I drove an hour on gradually worsening dirt roads in a wild corner of Arizona to get to the starting point. Maps showed a jeep track that split two lobes of a wilderness area. I had no idea how much ground I could cover, so I was ready for either an out-and-back, or a maybe-50-mile loop. The starting point looked promising: The otherwise small creek had pooled — maybe from flooding that re-arranged rocks into a rough dam — and was blocking the end of the old track. The pond was 35 yards across and too deep to wade, certainly too deep for ATVs or the average Jeep. Excellent. It looked like I wouldn’t have much company on the other side.

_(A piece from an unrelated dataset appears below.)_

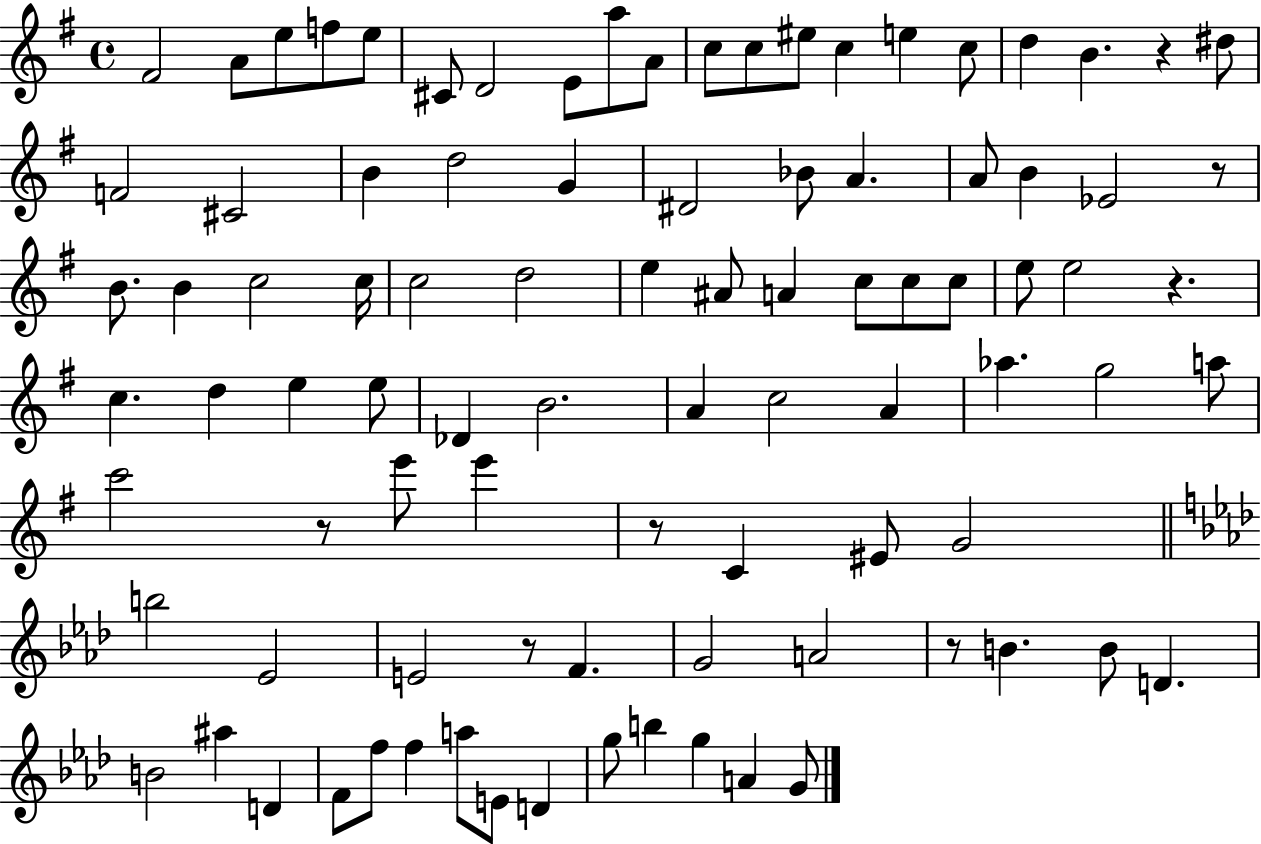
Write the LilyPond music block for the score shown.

I loaded my bike and threw it on the bow of my packraft and paddled across. Leafy trees were turning to autumn colors along the shore. But after I deflated and stashed my raft in a tree and started riding upward, away from the water, it was pure desert. Creosote brush and spiny stuff, acacia, catclaw, cholla, ocotillo, and the occasional saguaro, holding its thorny arms in the air. I had to re-tune myself to know which bushes and plants I could brush past, which would stab me, and which would grab my skin and clothes and not want me to keep riding. And had to keep a sharp eye on the ground to minimize rolling over anything that would compromise my tires.

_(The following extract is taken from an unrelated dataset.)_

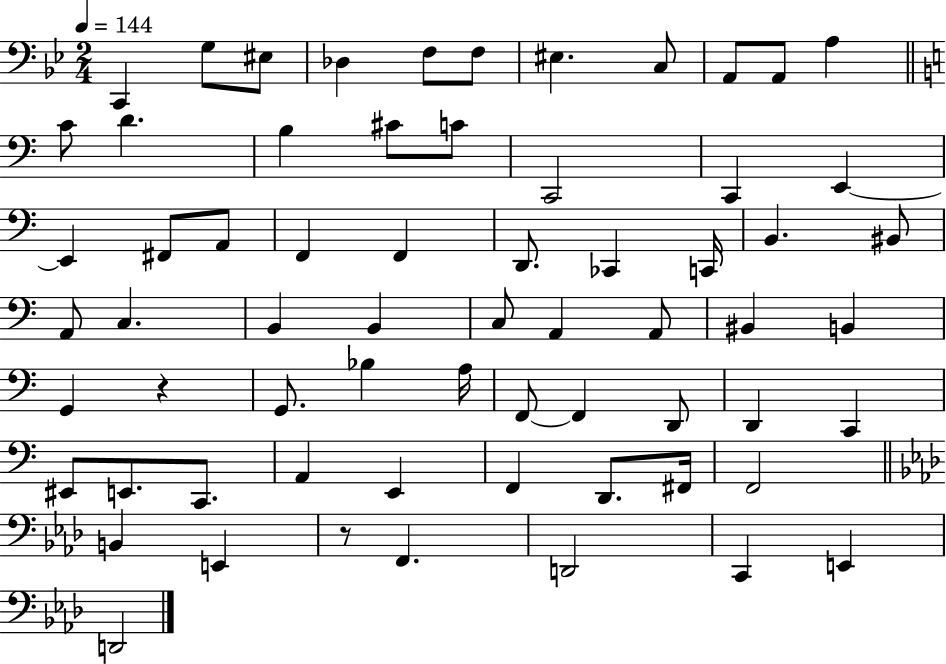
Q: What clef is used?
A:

Just me and the tracks of feral burros and wild javelinas on the eroding trail. I was covering good ground on my bike, floating over loose gravel in the washes. Tractoring over rubble and rock. Getting further and further into that space where the urge is satisfied, into wild land, where questions become stacked up in my mind. How far have I come? How far to the next landmark? Is that the correct landmark? Am I making the right connection between my vague map and the actual route? How quickly am I using water and how soon might I find more? The weather seems to be getting cooler and cloudier; do I have enough gear to stay warm? And dry? What if rain turns clay roads to wheel-clogging mud?





I crossed a thin line of vile brown water called Salt Creek. An ATV track showed that I was not the only person to have been there for, what? Days? Still, it was a long way onward to where they must have come in from. Possibly a rancher, as there was a closed gate and cattle tracks here, too.

Beyond the creek, the track climbed steeply, switching back and forth across the slope of what I dubbed Babyhead Mountain. The bike and broad tires remained willing, but my strength was diminished by this time, and I had to walk a few sections. Then through another gate at the rim and I was at the top, a couple thousand feet higher than the pool where I’d started. I paused for a rest, food, and the view. Surprised to find lilies blooming between the rocks. But the chill breeze at the edge kept me from relaxing for long.





It was here, probably, that I finally decided that I’d be riding the loop. I’d been going for over three hours and had gained most of the elevation and had probably ridden the roughest terrain. And even though I’d only ridden about 1/6th of the distance, going forward, into new terrain and into more unknowable questions just seemed easier.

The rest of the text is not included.